How the World Is Reeling From Trump’s Aid Freeze

In famine-stricken Sudan, soup kitchens that feed hundreds of thousands of civilians trapped in a war zone have shut down.

In Thailand, war refugees with life-threatening diseases have been turned away by hospitals and carted off on makeshift stretchers.

In Ukraine, residents on the frontline of the war with Russia may be going without firewood in the middle of winter.

Some of the world’s most vulnerable populations are already feeling President Trump’s sudden cutoff of billions of dollars in American aid that helps fend off starvation, treats diseases and provides shelter for the displaced.

In a matter of days, Mr.

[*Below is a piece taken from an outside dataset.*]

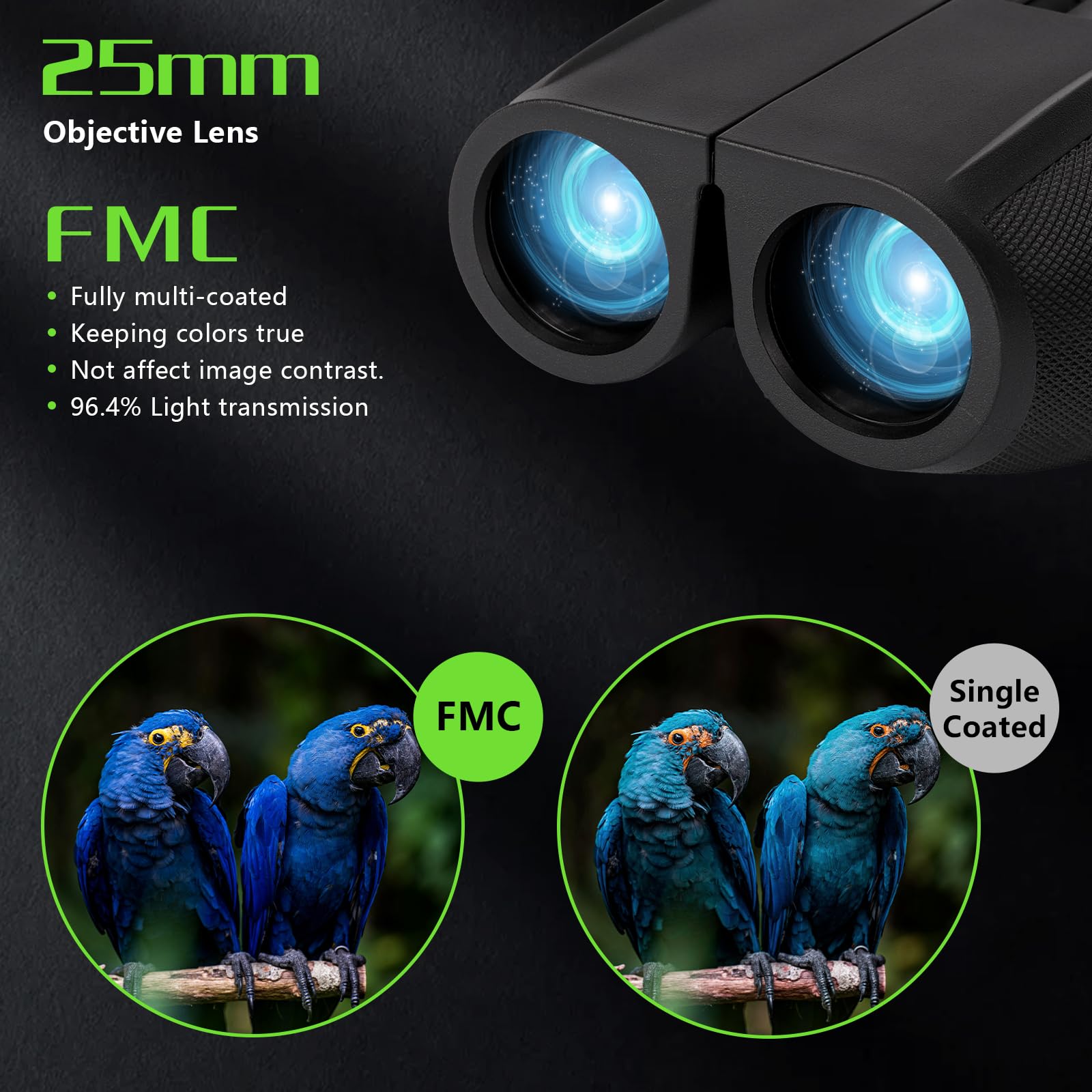 Abaokai 12×25 Compact Binoculars For Bird Watching, Easy Focus Binoculars For Kids Adults,The For Bird Watching And Hunting Enthusiasts Camping Stuff For Kids(Black)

Trump’s order to freeze nearly all U.S. foreign aid has intensified humanitarian crises and raised profound questions about America’s reliability and global standing.

“Everyone is freaking out,” Atif Mukhtar of the Emergency Response Rooms, a local volunteer group in the besieged Sudanese capital, Khartoum, said of the aid freeze.

Soon after announcing the cut off, the Trump administration abruptly switched gears. Secretary of State Marco Rubio said this week that “life-saving humanitarian assistance” could continue, offering a respite for what he called “core” efforts to provide food, medicine, shelter and other emergency needs.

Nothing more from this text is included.